Levantine fund structurers channel cross-border capital into GCC real estate's institutional layer
Marwan Bouez, Karim Mourad, and Nader Fares anchor a sovereign-adjacent cohort professionalizing middle-market vehicles across a USD 141.2 billion market.
Executive Summary
Key Takeaways
- The GCC real estate market, valued at USD 141.2 billion in 2025, is projected to reach USD 260.3 billion by 2034 at a 7.03% CAGR.
- Levantine-origin fund managers at PIF, ADIA, and LP Bens are professionalizing middle-market vehicles (USD 20M–150M) bridging sovereign, diaspora, and family capital.
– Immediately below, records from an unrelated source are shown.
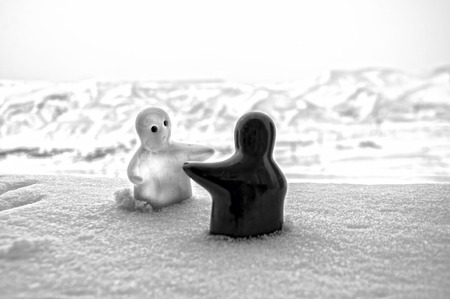 Love melts the ice Valentine `s day concept. F girl and a boy dolls hugs each other, standing on the white snow with blurred background. Hugging sculptures. Souvenir. Marble object. Love. Sympathyの写真素材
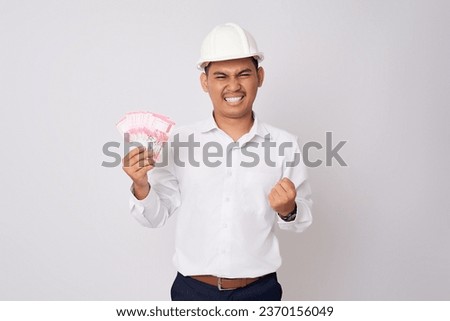 Excited young Asian professional engineer employee man in a protective helmet hardhat holding money and celebrating success isolated on white background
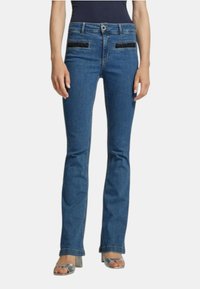 Jeans a zampa d'elefante in denim blu con accenti decorativi in tessuto nero sulle tasche, design a cinque tasche e leggera scoloritura. Dettagli delle cuciture sulle gambe.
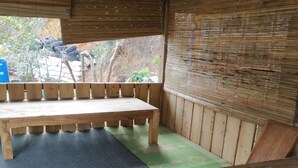A covered outdoor seating area with a wooden bench and a table. - Homestay Banyumili (Kalirejo)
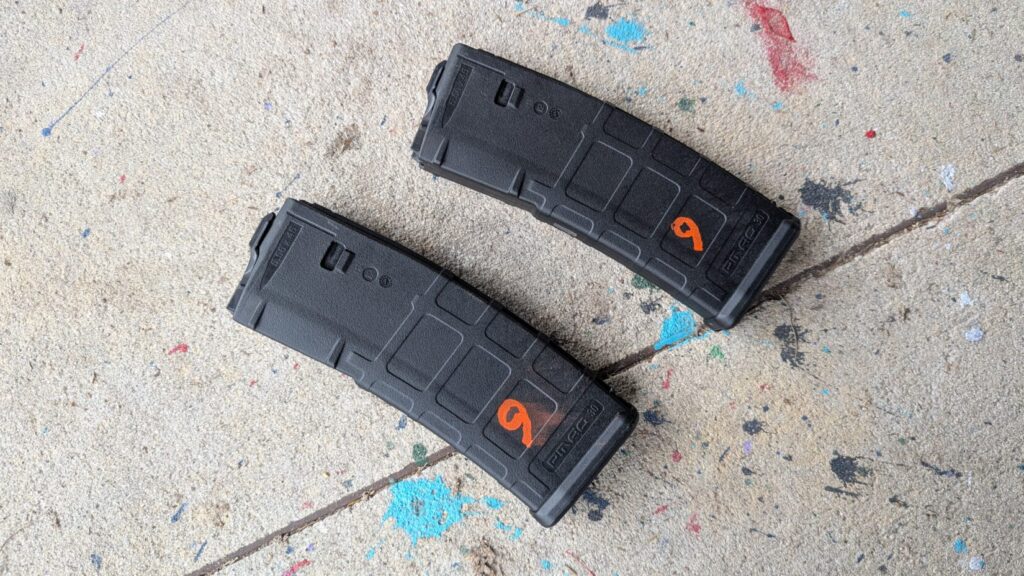 Two black PMAG 30 rifle magazines laying side-by-side on a concrete floor, each marked with a distinctive orange "9".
- Saudi Arabia's Royal Decree No. M/14 (effective January 2026) enables fund-based foreign ownership, removing a key barrier for cross-border vehicle formation.
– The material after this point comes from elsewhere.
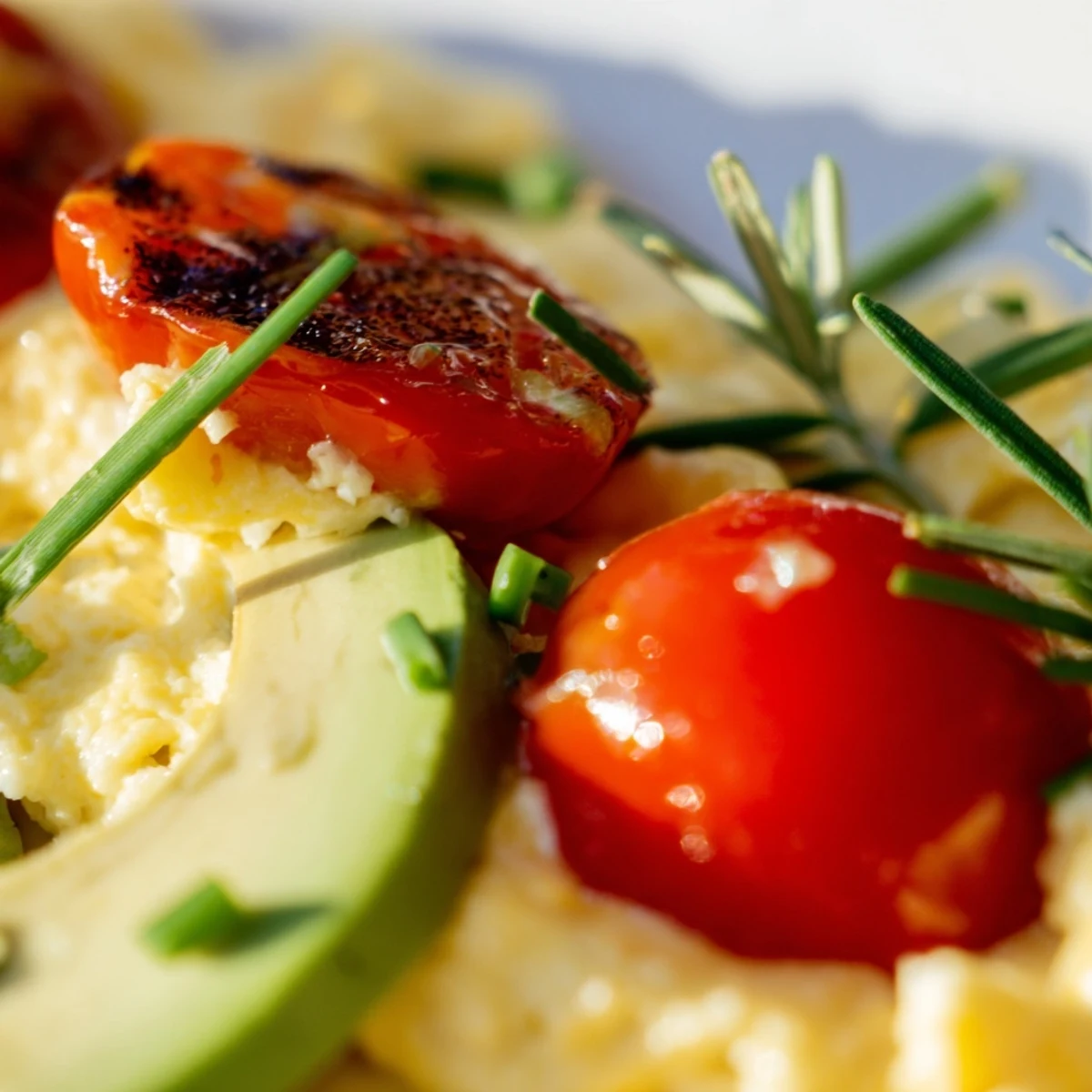 Scrambled Eggs With Avocado Seared Tomato Delight features creamy avocado slices beside golden eggs and juicy seared cherry tomatoes.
- GCC sovereign wealth funds are projected to manage USD 7.3 trillion by 2030, fueling co-investment demand.
- The middle-market segment is where family wealth transitions to institutional capital through pooled, governance-compliant structures.
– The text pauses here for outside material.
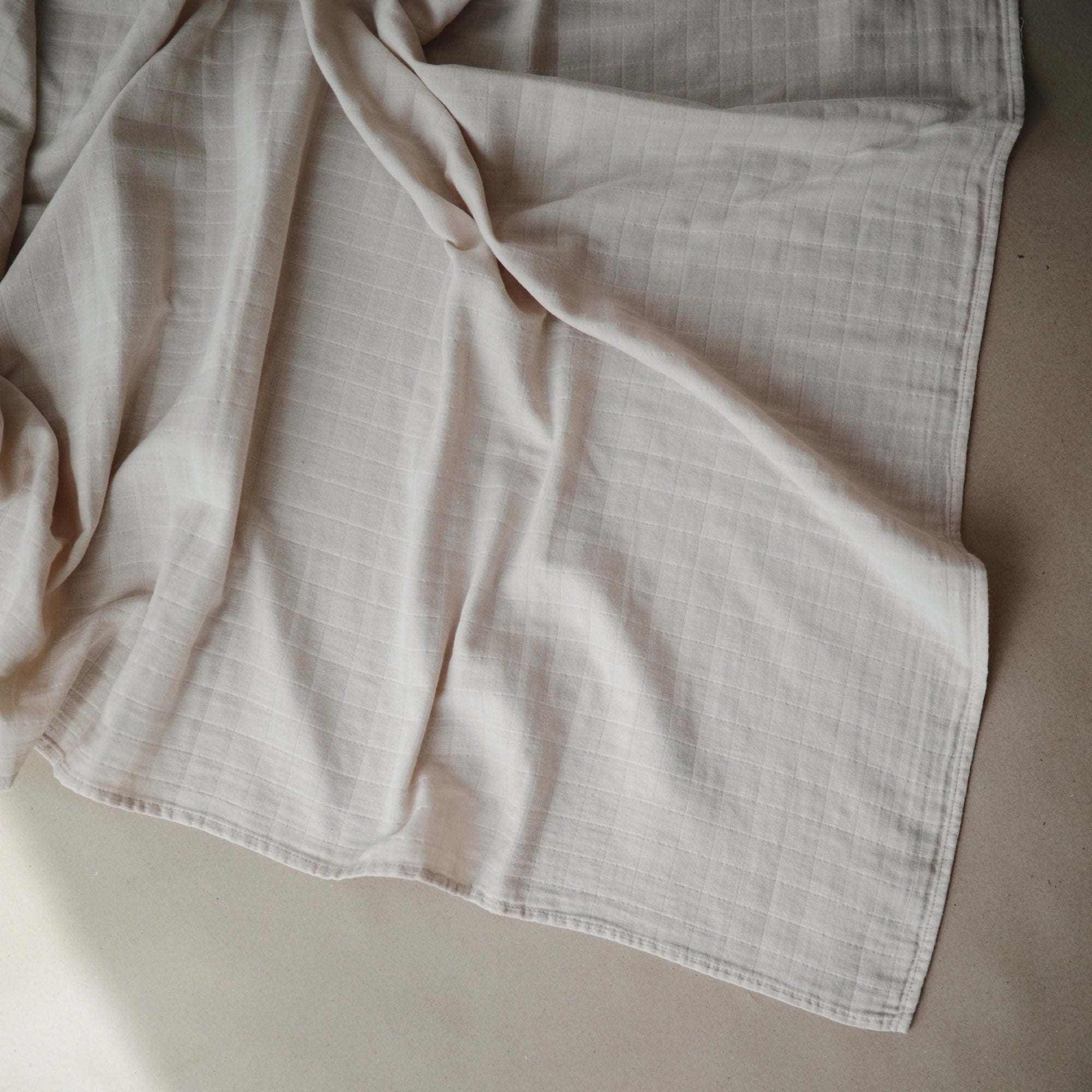 Lifestyle image of Organic Cotton Swaddle in Fog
A USD 141.2 billion market attracts a new institutional layer
The GCC real estate market reached USD 141.2 billion in 2025, according to IMARC Group and GRI Institute. Behind that headline figure, a quieter structural shift is underway: a cohort of Levantine-origin fund managers and sovereign-adjacent dealmakers is assembling institutional-grade vehicles designed to channel cross-border capital into the region's expanding opportunity set. The operators anchoring this movement, including Marwan Bouez at Saudi Arabia's Public Investment Fund (PIF), Karim Mourad at the Abu Dhabi Investment Authority (ADIA), and Nader Fares at LP Bens, occupy distinct nodes in a capital formation chain that bridges family wealth, diaspora pools, and sovereign mandates.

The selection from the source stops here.